Cloud applications (usually) consist of multiple services. Here are a few examples of how the impact could look like. If a fictional application:

  • was leveraging only the affected AZ with their services it would be failing at 10-15% rate.
  • had a key service in the affected AZ, other services would be ok, but anything depending on the key service would be failing.
  • had any networking component (balancer, ingress) deployed in the affected AZ, those requests would be failing.
  • was following AWS well architected framework guidance to “Distribute workload data and resources across multiple Availability Zones”, and was running multiple instances of each service distributed across multiple AZs, every request reaching replica of any service in the given AZ would fail (would timeout in this specific case) at an elevated rate.


In OneLogin, we are focused on high availability, so the system is designed to leverage multiple AZs (usually at least 3 in a given region).

Note: Since we follow the recommended high-resiliency, high-availability practice, we allow for cross-zone calls.
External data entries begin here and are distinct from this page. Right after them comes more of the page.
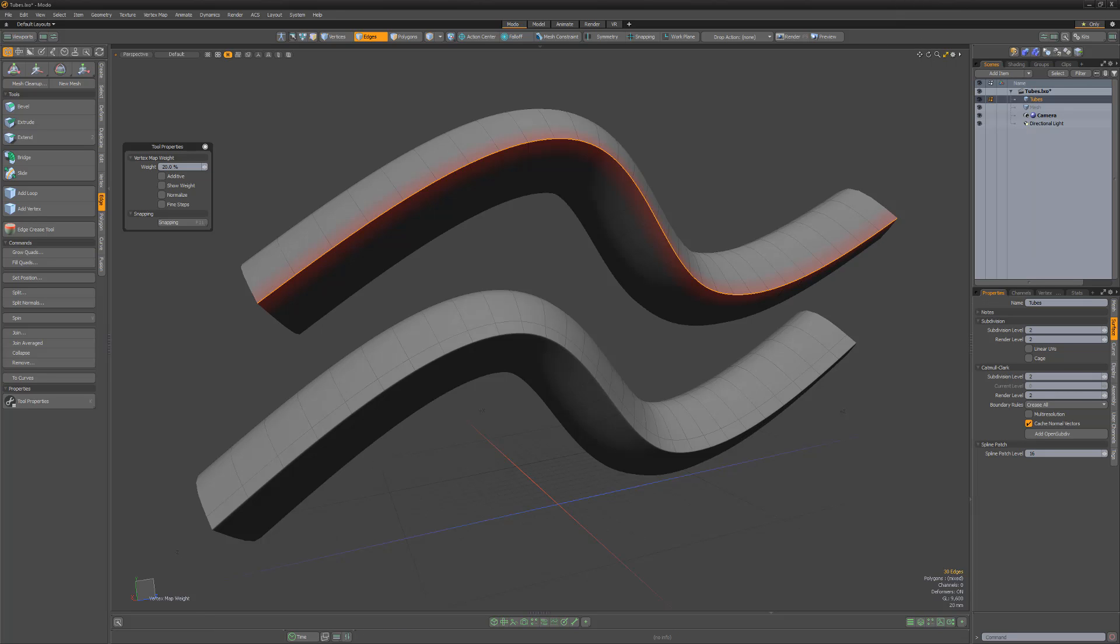Spend some time adding hold edges and experimenting with edge weighting to get comfortable with both options. You can use each method independently or together on the same mesh, and having both in your toolkit will give you more options to work with on future projects.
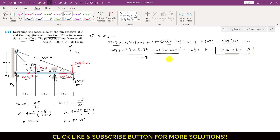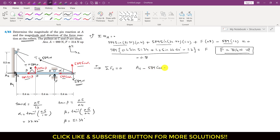To find Ax and Ay, apply ΣFx = 0. Ax is in the positive x direction. The cosine components of both tensions act in the negative x direction: Ax − 589 cos(51.34°) − 589 cos(22.62°) = 0, giving Ax = 912 N.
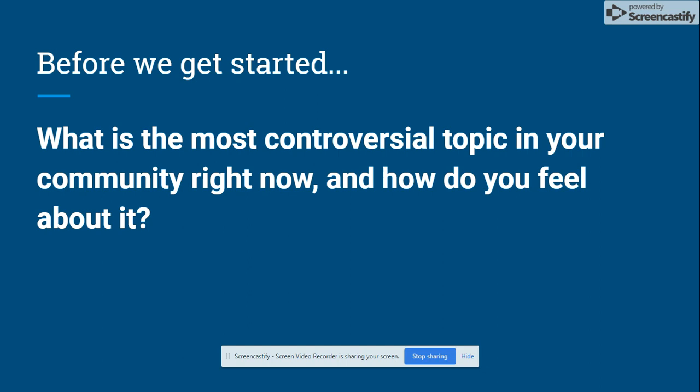Before we get started — you can pause the video if you want to take a second — I want to ask you: what is the most controversial topic in your community right now and how do you feel about it? When you think of controversial, don't think about drama or gossip happening in school. Think of something in your community that stirs people up, something that makes people angry, happy, or sad — some type of emotion should be attached to this topic.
But if the whole AZ is failing, it means that the request can fail on each layer of the topology. So, in the case of a complex solution with many inter-service calls, the total failure rate for each end user request may be higher than the raw Availability Zone fail rate (depending on the inter-service calls topology).

OneLogin deployment in US with Availability Zone affected

Picture - OneLogin deployment in US with Availability Zone affected

Login Clusters: To The Rescue!

In my previous post, I described how we designed Login Clusters as a way to achieve ultra high scale and reliability. This incident gave a clear opportunity to test that architecture!

So how did we do?

Incident Onset

Thanks to our mature telemetry and synthetic monitoring, our engineers and ops were promptly alerted to the issue right at the onset of the incident at 11:00 AM.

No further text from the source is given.